● TASK DIRECTIONS
Scan the records beneath this line for the line holding "98,000+ Aurora Borealis" and the line holding "Emerald Ampersand Photo", then transcribe exactly those two and all lines between.

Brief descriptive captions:
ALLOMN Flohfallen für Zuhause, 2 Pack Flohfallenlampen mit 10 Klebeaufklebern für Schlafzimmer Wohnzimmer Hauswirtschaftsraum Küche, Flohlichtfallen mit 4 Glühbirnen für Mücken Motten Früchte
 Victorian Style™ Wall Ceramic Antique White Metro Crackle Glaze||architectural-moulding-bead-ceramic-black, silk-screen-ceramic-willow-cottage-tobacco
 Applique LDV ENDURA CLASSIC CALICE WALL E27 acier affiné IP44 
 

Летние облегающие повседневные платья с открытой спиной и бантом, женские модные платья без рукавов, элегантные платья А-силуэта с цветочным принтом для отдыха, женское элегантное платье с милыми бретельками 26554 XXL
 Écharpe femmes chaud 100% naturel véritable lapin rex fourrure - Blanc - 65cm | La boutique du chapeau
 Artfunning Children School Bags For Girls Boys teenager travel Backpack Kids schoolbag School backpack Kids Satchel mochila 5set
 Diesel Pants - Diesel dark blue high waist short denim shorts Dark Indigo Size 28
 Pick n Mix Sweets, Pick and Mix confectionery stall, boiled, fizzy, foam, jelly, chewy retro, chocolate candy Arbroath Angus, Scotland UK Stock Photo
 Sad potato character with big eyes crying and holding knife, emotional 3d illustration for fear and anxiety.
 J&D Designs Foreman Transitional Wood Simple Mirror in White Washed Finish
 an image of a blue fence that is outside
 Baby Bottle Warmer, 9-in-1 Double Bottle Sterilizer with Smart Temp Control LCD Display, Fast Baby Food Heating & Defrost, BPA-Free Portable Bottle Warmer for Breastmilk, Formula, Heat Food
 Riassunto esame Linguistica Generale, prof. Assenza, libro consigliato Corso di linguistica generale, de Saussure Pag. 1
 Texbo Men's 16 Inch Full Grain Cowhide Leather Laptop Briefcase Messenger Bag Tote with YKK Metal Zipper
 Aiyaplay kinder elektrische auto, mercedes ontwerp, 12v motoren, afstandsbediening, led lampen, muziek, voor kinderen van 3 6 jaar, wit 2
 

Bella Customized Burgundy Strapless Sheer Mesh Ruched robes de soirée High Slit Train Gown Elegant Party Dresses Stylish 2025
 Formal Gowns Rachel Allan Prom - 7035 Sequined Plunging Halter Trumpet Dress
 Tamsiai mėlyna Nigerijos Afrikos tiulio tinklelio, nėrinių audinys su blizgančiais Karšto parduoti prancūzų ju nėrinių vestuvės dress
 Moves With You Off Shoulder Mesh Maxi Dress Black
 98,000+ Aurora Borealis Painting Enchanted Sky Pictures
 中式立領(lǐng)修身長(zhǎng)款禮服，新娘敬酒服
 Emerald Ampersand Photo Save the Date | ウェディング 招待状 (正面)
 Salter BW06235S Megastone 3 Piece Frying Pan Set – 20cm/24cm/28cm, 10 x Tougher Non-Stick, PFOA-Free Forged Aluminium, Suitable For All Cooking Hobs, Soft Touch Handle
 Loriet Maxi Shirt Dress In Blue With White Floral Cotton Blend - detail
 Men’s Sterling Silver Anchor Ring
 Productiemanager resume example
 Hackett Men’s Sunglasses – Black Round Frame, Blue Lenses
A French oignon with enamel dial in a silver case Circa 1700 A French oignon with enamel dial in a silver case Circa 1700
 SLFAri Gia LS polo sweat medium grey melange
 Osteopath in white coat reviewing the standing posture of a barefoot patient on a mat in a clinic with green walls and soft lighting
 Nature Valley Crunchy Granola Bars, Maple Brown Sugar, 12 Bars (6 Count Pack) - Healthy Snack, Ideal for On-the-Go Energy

● TASK RESPONSE
 98,000+ Aurora Borealis Painting Enchanted Sky Pictures
 中式立領(lǐng)修身長(zhǎng)款禮服，新娘敬酒服
 Emerald Ampersand Photo Save the Date | ウェディング 招待状 (正面)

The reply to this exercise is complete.